Beim Lesen der veröffentlichten Telefonabhörprotokolle kann einem schon die Galle hochkommen über die Art, wie hier über einen Mord gesprochen wird. Nicht nur der Journalist Dirk Laabs fragt sich: „Wo war die Wut?“ Man könnte auch noch ergänzen: Wo war das Entsetzen über den Mord, wo das Mitgefühl mit dem Opfer und seiner Familie? Auch in der öffentlichen Sitzung des Untersuchungsausschusses vom 11. Mai 2015 zeigten sich die beiden Zeugen – die Teilnehmer des fraglichen Telefonats – diesbezüglich verhalten bis reserviert. Ob allerdings aus einem – tatsächlichen oder vermeintlichen – Mangel an Mitgefühl der Zeugen geschlossen werden kann, sie seien zumindest Mitwisser eines Mordes, halten wir für zweifelhaft.
Wirken die Erklärungen von Andreas T. nicht unglaubwürdig?
Sie lösen mehr Fragen als Antworten aus. Deshalb war das Verhalten von Andreas T. bereits Gegenstand des Untersuchungsausschusses des Bundestags und des NSU-Prozesses in München. Auch stand Andreas T. zeitweise unter Mordverdacht und wurde deshalb von der Polizei vernommen. Die bisherigen Untersuchungen haben keine anderen beweisbaren Erklärungen gebracht. Wir werden anhand der neuen Erkenntnisse erneut versuchen zu klären, ob es sich tatsächlich so zugetragen hat wie beschrieben. Nicht zuletzt aus diesem Grund gehört Andreas T. nach einhelliger Einschätzung aller Ausschussmitglieder zu denjenigen Zeugen, die voraussichtlich noch mehrfach vor dem Untersuchungsausschuss werden aussagen müssen.

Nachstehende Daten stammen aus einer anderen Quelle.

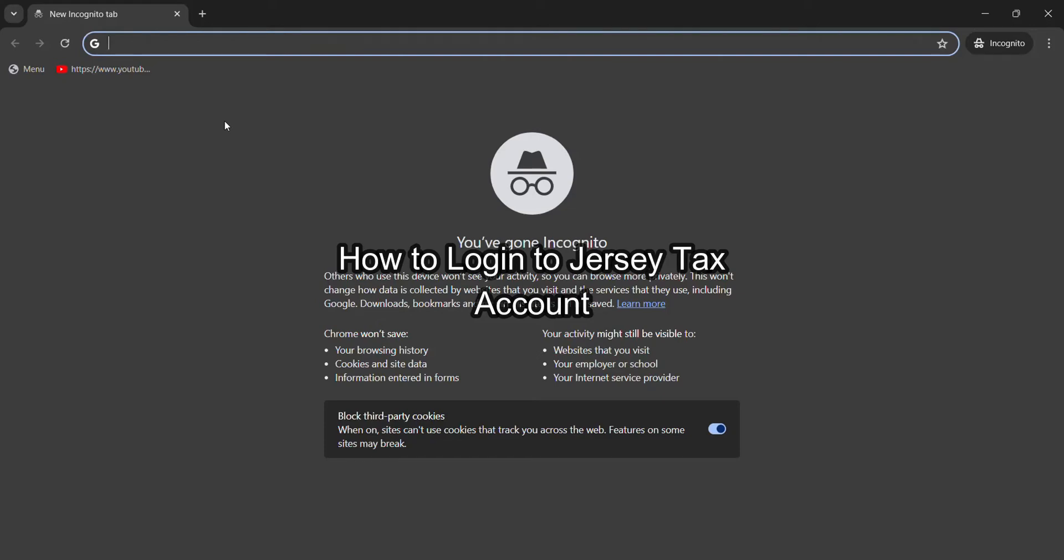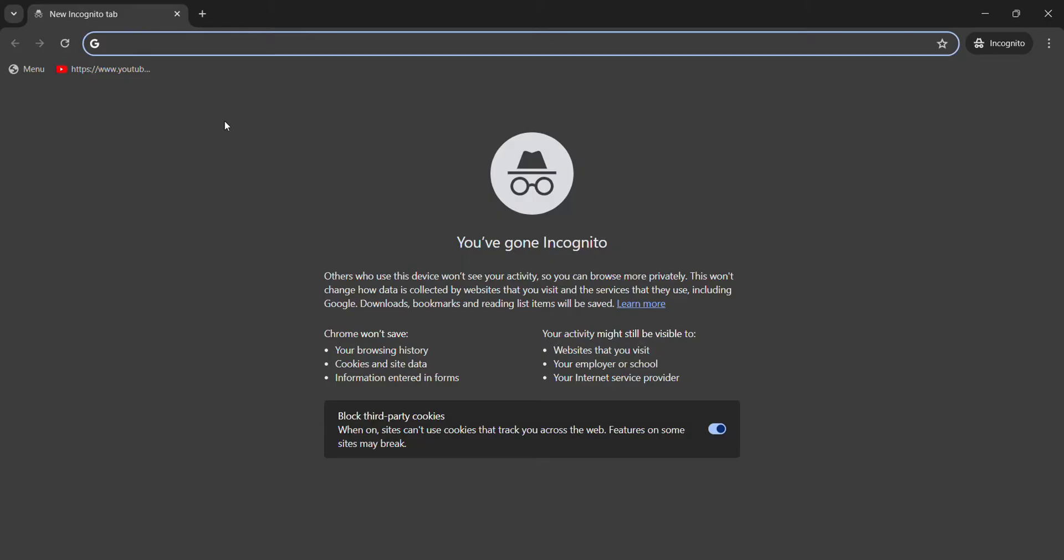Hello everybody, welcome back to our YouTube channel How Logical. In today's video I'll show you guys how to log into your Jersey tax login. For this, what you need to do is open up any web browser. As I have already opened Google Chrome...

Warum ist Andreas T. weiter im Landesdienst?
Da das Ermittlungsverfahren gegen ihn eingestellt wurde, gilt er als unschuldig. Daher gibt es nach unserem derzeitigen Erkenntnisstand keine Rechtsgrundlage, seine Tätigkeit als Beamter im Landesdienst zu beenden.
Hat sich der damalige Innenminister persönlich um die Lohnfortzahlung von Andreas T. gekümmert?
Nach unserer derzeitigen Erkenntnis ging es um die Frage der Suspendierung von Andreas T. von seinen Tätigkeiten beim Verfassungsschutz. Volker Bouffier hat in einer Stellungnahme vor der Presse am 24. Februar 2015 unter Verweis auf die Rechtslage ausgeführt, dass auch ein vorläufig vom Dienst suspendierter Beamter trotzdem sein Gehalt bekomme. Dass T. nicht mehr im Landesamt für Verfassungsschutz tätig sein konnte, sei klar gewesen, und darüber habe er auch eine Besprechung mit Mitarbeitern gehabt. Eine Suspendierung habe er ausdrücklich für richtig gehalten.
Welche Beschränkungen hat der damalige Innenminister Bouffier im Jahr 2006 für die Befragung der V-Leute durch die Polizei gemacht?
Die von Andreas T. geführten V-Leute durften wegen einer so genannten Sperrerklärung nicht von der Polizei selbst vernommen werden. Das Angebot des Verfassungsschutzes an die Polizei, an einer Befragung der V-Leute teilzunehmen, hatte die Kripo vorher abgelehnt. Der Verfassungsschutz hat dann den Fragenkatalog der Polizei abgearbeitet und die Ergebnisse der Befragung der Kripo übermittelt, woraufhin die Staatsanwaltschaft das Ermittlungsverfahren eingestellt hat. Innenminister Bouffier hat die Sperrerklärung auf einen Vorschlag der zuständigen Fachabteilung gestützt.
Besteht diese beschränkte Aussagegenehmigung noch heute fort?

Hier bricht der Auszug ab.